Нравственные письма к Луцилию - Сенека Луций Анней - Страница 95
- Предыдущая
- 95/129
- Следующая
(11) Что же мне посоветовать тебе? Что ты должен делать? Ничего нового: ведь не от новых болезней нужны нам лекарства. Прежде всего ты сам для себя должен разобраться, что необходимо и что излишне. Необходимое ты легко найдешь повсюду; лишнее нужно всегда искать, тратя всю душу. (12) Далее, тебе не за что будет так уж себя хвалить, если ты презришь золотые ложа и посуду в самоцветах. Велика ли добродетель — презреть лишнее? Восхищайся собой, когда презришь необходимое. Пусть ты можешь жить без царского убранства, — это не так уж много!
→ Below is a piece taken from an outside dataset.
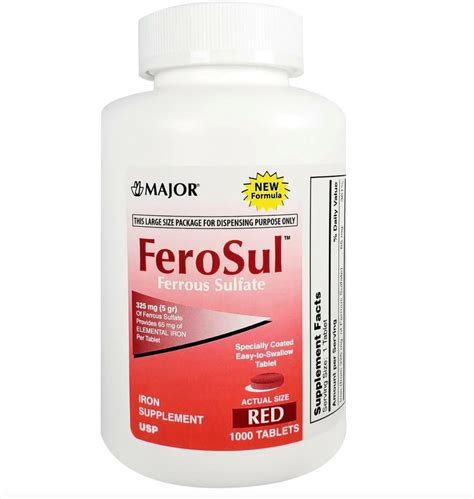 Major FeroSul Hierro Suplemento Sulfato Ferroso 325 mg (0.18 oz) – 1000 Tabletas Rojas – Yaxa ...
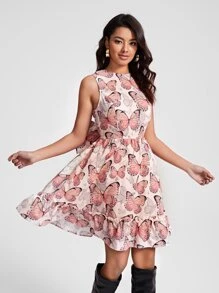 Caterine Sanchez 蝴蝶圖案後綁帶蝴蝶結荷葉邊連衣裙 - 彩色 - 查看 4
Пусть тебе не нужны тысячефунтовые кабаны, языки заморских птиц и прочие чудовищные выдумки роскоши, пресытившейся целыми тушками и выбирающей из каждой только те или другие части, — я буду восхищаться тобою, когда ты презришь даже грубый хлеб, когда убедишь себя, что трава родится не только для скота, но, в случае необходимости, и для человека, когда узнаешь, что молодыми побегами деревьев тоже можно наполнить желудок, который мы набиваем ценностями, словно он может их сохранить. Насытиться можно и без прихотей. Какая разница, что поглотило брюхо, которое все равно не удержит проглоченного? (13) Тебе нравится видеть разложенным по блюдам все, что можно добыть на суше и на море; одно приятнее тебе, если доставлено к столу свежим, другое — если его долго откармливали и заставляли жиреть до того, что сейчас оно безудержно расплывается салом. Тебя радует наведенный с великим искусством лоск, — а между тем, клянусь, все эти с трудом добытые и разнообразно приготовленные яства, едва попав в утробу, превратятся в одинаковую мерзость. Хочешь научиться, как презирать чревоугодие? Взгляни, чем всё выходит!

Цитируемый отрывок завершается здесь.